As I came to know my client better, I recognized a pattern in her behavior: she always had a new and exciting project underway. An entrepreneur in her own right, she had started several businesses and continually came up with new ventures and co-ventures. Some were successful; others lost her interest after a month or two and she’d move on to something new. Then, after almost a year in this new town, Bethany’s husband again lost his job and she was faced with the prospect of yet another move. This time, however, she seemed unworried about the prospect. (As we were working by Skype, the end of treatment wasn’t an issue.)
During session, Bethany remarked on this absence of anxiety — it surprised her. Perhaps because she’d already been through a prior move, she had “adapted” and no longer found it a threat. Then, she went on to relate yet another new business scheme that had occurred to her. She was quite tired in that session because she had stayed up half the night developing a new business plan. Normally, she told me, it would take her months to implement such a plan but she felt driven to get this new business going in record time.

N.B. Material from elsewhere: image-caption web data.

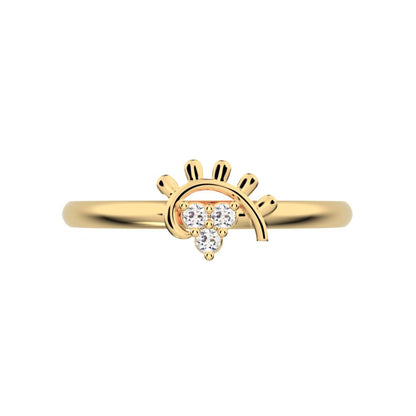 0.03 ct Round Cut Simulated Clear Diamond dainty Minimalist pyramid Sunburst Arc eye cocktail 14K / 18K Solid Yellow Gold everyday ring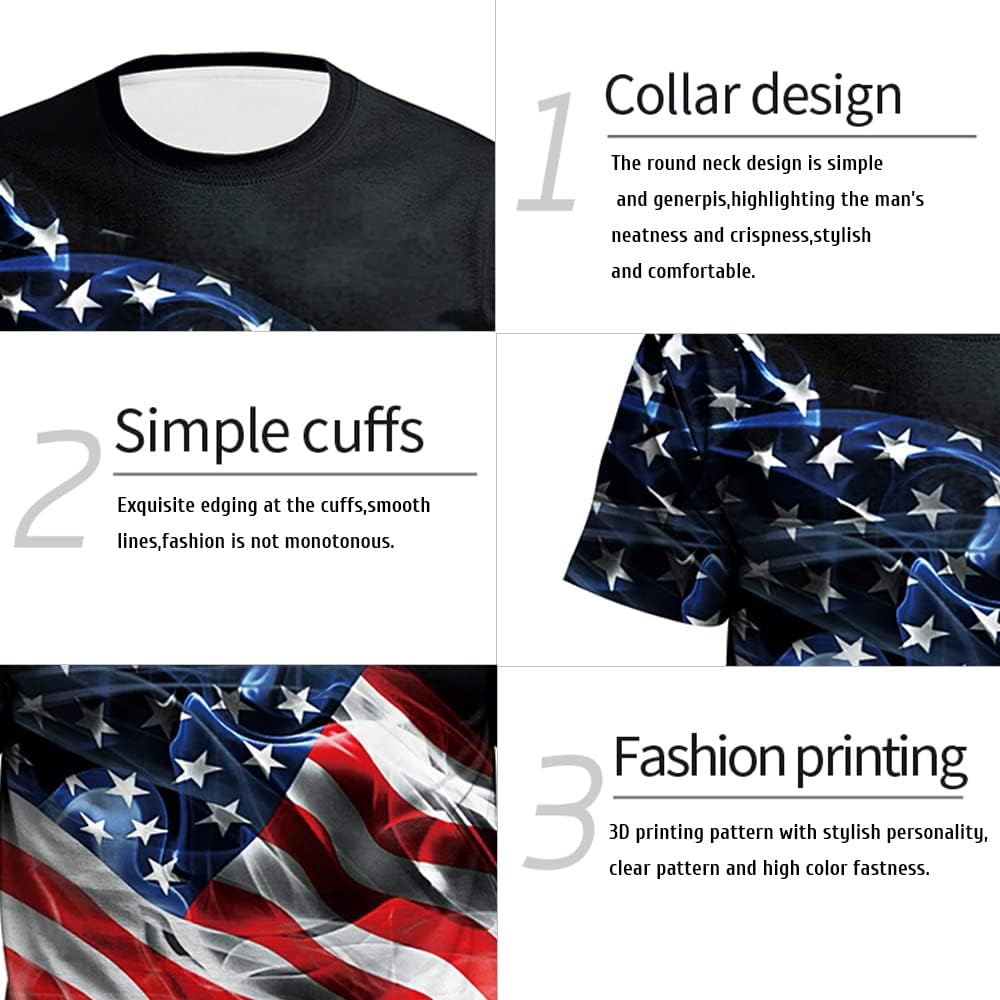 HOTEciodci Men's American USA Flag Patriotic T-Shirts 4th of July Shirts US Eagle Flag Soft Summer Short Sleeve Shirt for Men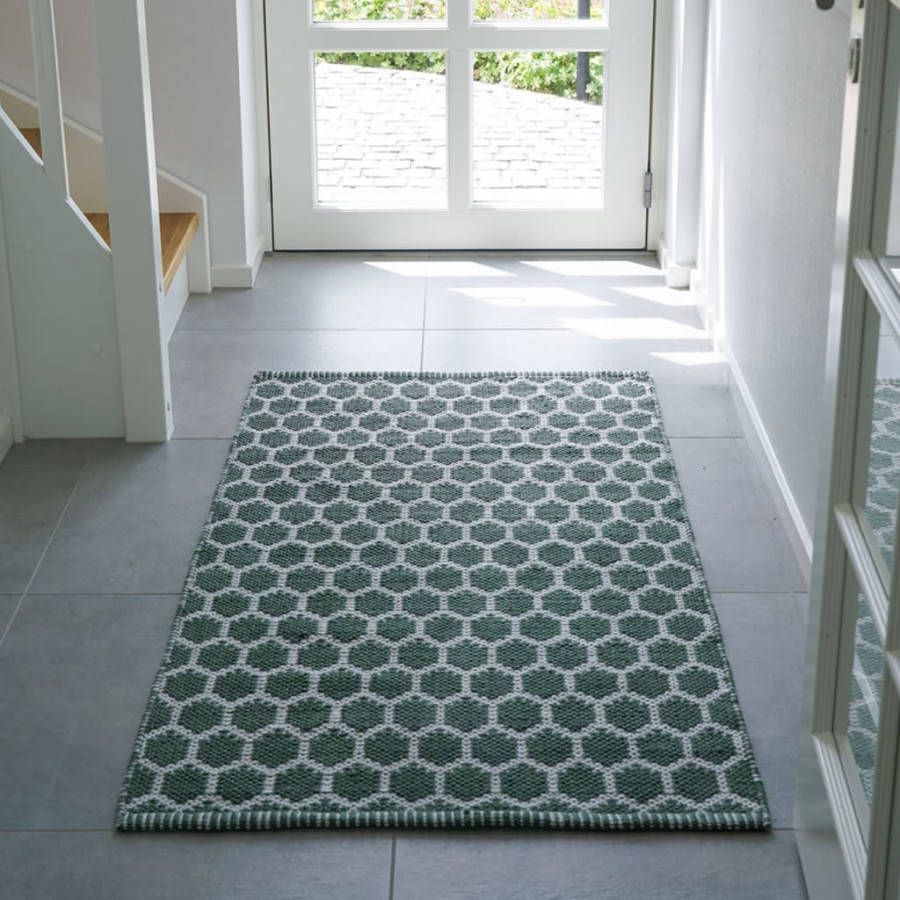 Hioshop Narbonne Loper 80x150 Cm Groen, Wit.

I suggested to Bethany that this new project was her way of warding off a whole set of painful emotions about the coming relocation. I reminded her of the dream from months before and also brought up the almost paralyzing depression she’d felt during the last move. Through her manic, sped-up business plan, she was trying to stay “ahead” of her feelings; she was afraid that if they “caught up” with her, they’d overwhelm and immobilize her and she’d never get moving again. I sensed the rise of sadness along with some fear, but her response was short-lived and we came to the end of the session.
I’m sure you can see the similarities between Bethany’s process and Jeffrey’s more serious issues. Even in high functioning clients who would never receive a serious diagnosis, bipolar issues may arise where “manic” or magical solutions are pursued in order to escape depressive feelings that are felt to be unbearable or overwhelming.